System Design Fundamentals: CAP Theorem, Consistency, and Replication

System Design Fundamentals: CAP Theorem, Consistency, and Availability

Understanding distributed systems fundamentals is essential for any system design interview. These concepts explain the trade-offs behind every architectural decision. Expected knowledge at all FAANG/MANGA companies and any role involving distributed systems.

CAP Theorem

In a distributed system, you can only guarantee two of three properties simultaneously:

  • Consistency (C): every read receives the most recent write or an error. All nodes see the same data at the same time.
  • Availability (A): every request receives a response (not an error), but the response might not be the most recent data.
  • Partition Tolerance (P): the system continues operating even when network messages are dropped between nodes.

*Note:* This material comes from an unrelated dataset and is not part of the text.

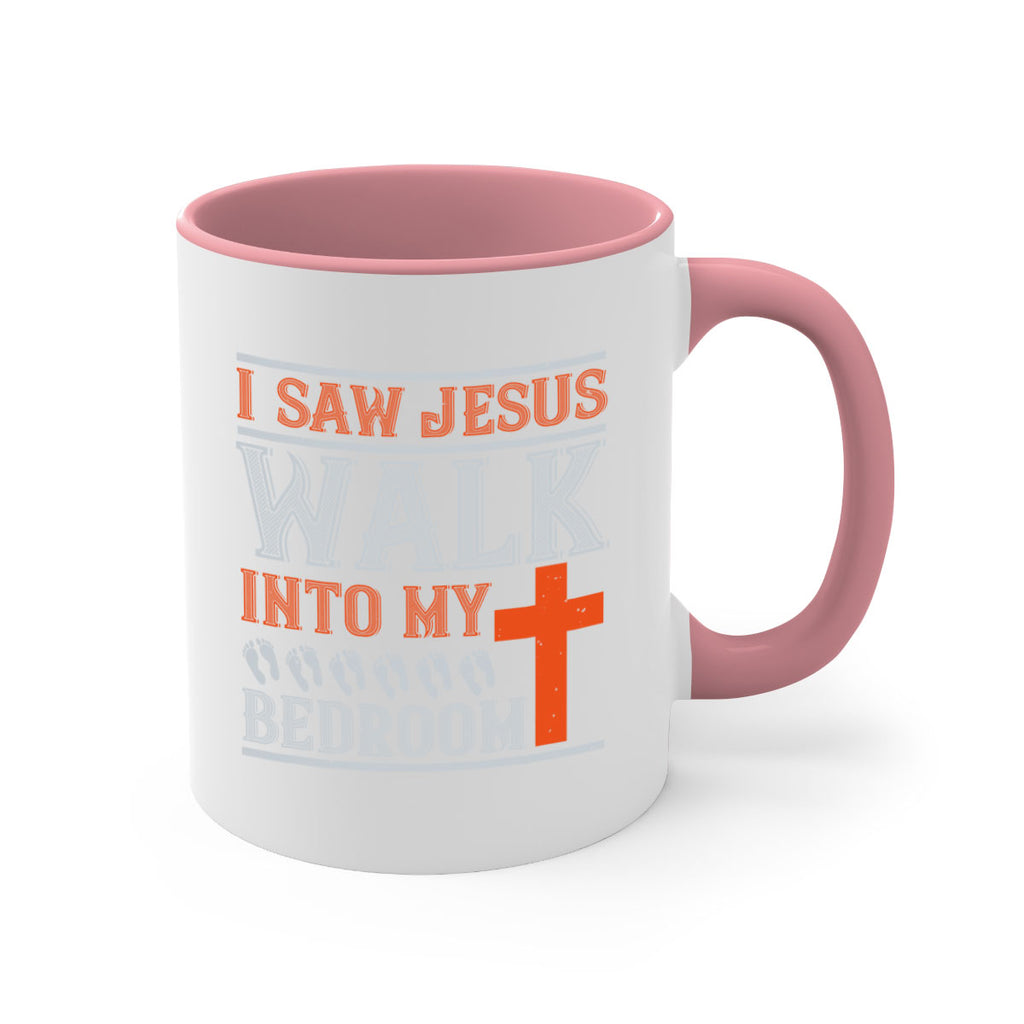 i saw jesus walk into my bedroom 65#- walking-Mug / Coffee Cup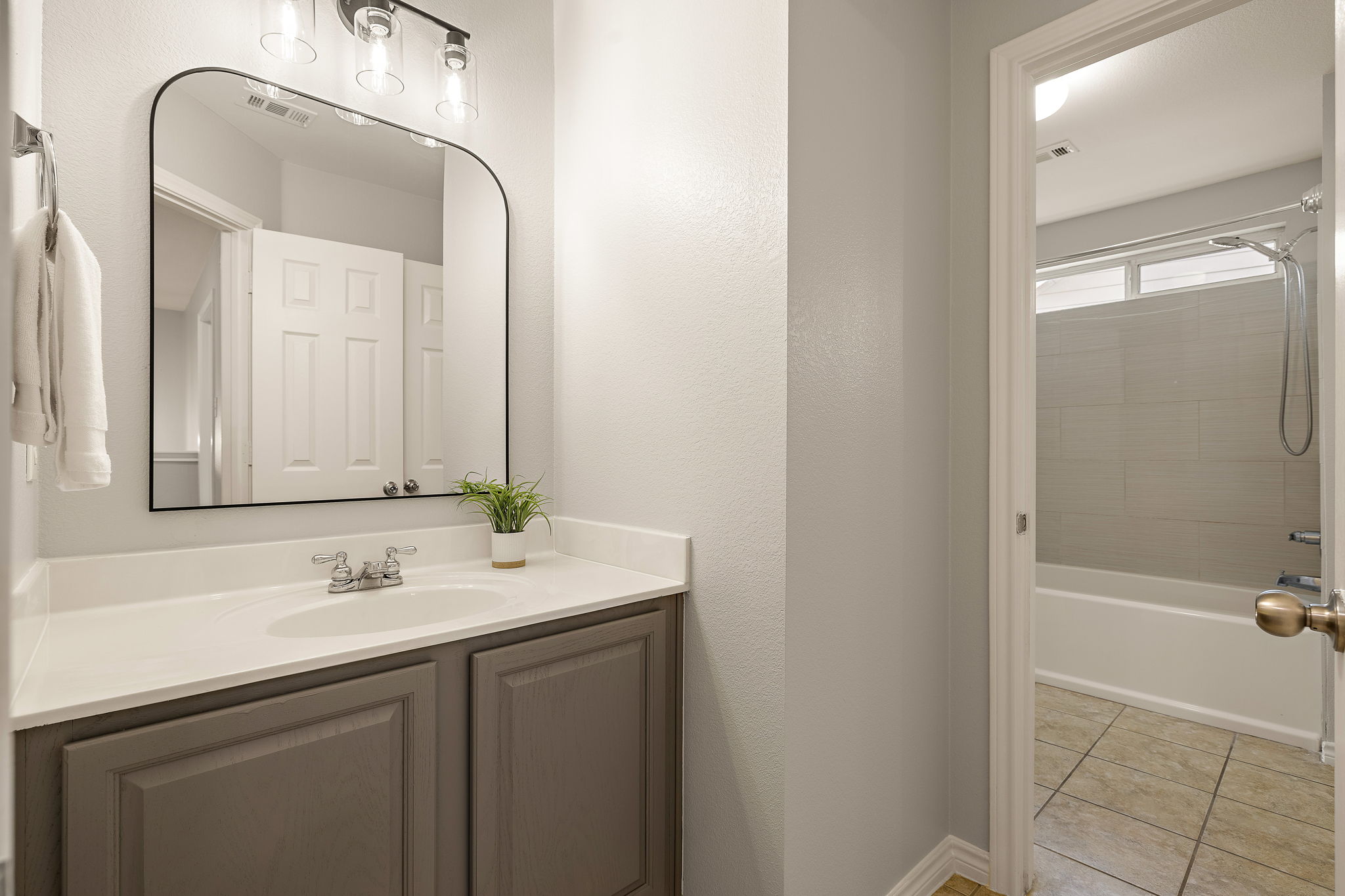 202 Nick Price Loop Round Rock, TX 78664 - Photo 30 of 39 a bathroom with a sink and a mirror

Since network partitions are a reality in distributed systems, the real choice is between C and A during a partition:

  • CP systems: HBase, Zookeeper, MongoDB (with majority write concern), Etcd. Return error when partition occurs rather than stale data.
  • AP systems: Cassandra, CouchDB, DynamoDB, Riak. Return potentially stale data rather than error.

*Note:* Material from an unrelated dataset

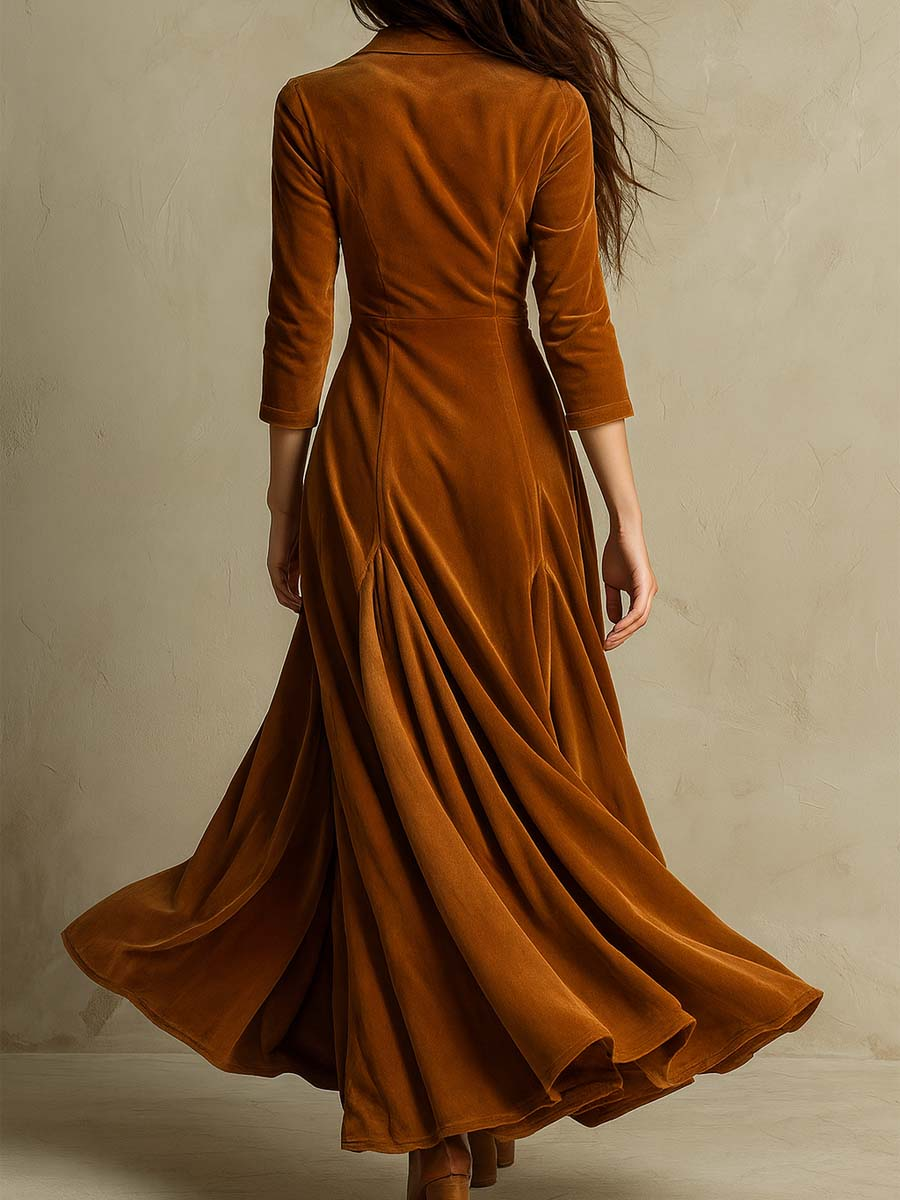 Vivienne | Velvet Long Dress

PACELC Model (Extension of CAP)

CAP only considers partition scenarios. PACELC also considers the normal case:

  • If Partition: choose between Availability vs Consistency (like CAP)
  • Else (normal operation): choose between Latency vs Consistency

DynamoDB: PA/EL – available on partition, low latency normally (eventual consistency). Spanner: PC/EC – consistent on partition, consistent normally (higher latency, uses TrueTime).

Consistency Models

Strong Consistency

After a write completes, all subsequent reads return the new value. Like a single-node database. Expensive: requires synchronous replication or consensus (Raft/Paxos). Used in: financial systems, configuration stores (Etcd/Zookeeper).

Eventual Consistency

If no new writes occur, all replicas will eventually converge to the same value. Reads may see stale data in the meantime. High availability and low latency. Used in: DNS, email, social media counters, shopping carts (Amazon Dynamo paper).

Causal Consistency

Operations that are causally related are seen in the same order by all nodes. If you write A then write B (B depends on A), all nodes see A before B. MongoDB 4.0+ multi-document sessions, Facebook Cassandra causal reads.

Read Your Own Writes

After a write, the same client always reads the new value. Others may still see old value. Implemented by: routing reads to the primary, using session affinity, or version vectors. Important for user experience (post a comment, immediately see it).

Replication Strategies

Single Leader (Master-Replica)

All writes go to leader, replicated to followers. Reads from followers (eventual consistency) or leader (strong consistency). Failover: promote a follower. Used by: PostgreSQL, MySQL, MongoDB. Simple but leader is a bottleneck.

Multi-Leader

Multiple nodes accept writes. Useful for multi-datacenter deployments (each DC has a leader). Conflict resolution needed (last-write-wins, vector clocks, CRDTs). Used by: CouchDB, Google Docs (CRDT).

Leaderless (Dynamo-style)

Any node accepts reads and writes. Quorum: write to W nodes, read from R nodes. If W + R > N (replication factor), reads see at least one up-to-date write. DynamoDB, Cassandra, Riak use this model.

N = replication factor (e.g., 3)
W = write quorum (e.g., 2)
R = read quorum (e.g., 2)
W + R > N ensures strong consistency
W = 1, R = 1: maximum availability, eventual consistency

ACID vs BASE

ACID (traditional databases)

  • Atomicity: all-or-nothing transactions
  • Consistency: data always satisfies integrity constraints
  • Isolation: concurrent transactions do not interfere
  • Durability: committed data survives failures

BASE (NoSQL systems)

  • Basically Available: system is available even under failure
  • Soft state: state may change without input (replication catching up)
  • Eventual consistency: will become consistent given time

Consensus Algorithms

  • Paxos: theoretical foundation. Hard to implement correctly. Used in Google Chubby, Apache Zookeeper (ZAB variant).
  • Raft: designed for understandability. Leader election + log replication. Used in: Etcd, CockroachDB, TiKV, Consul. Most common in new systems.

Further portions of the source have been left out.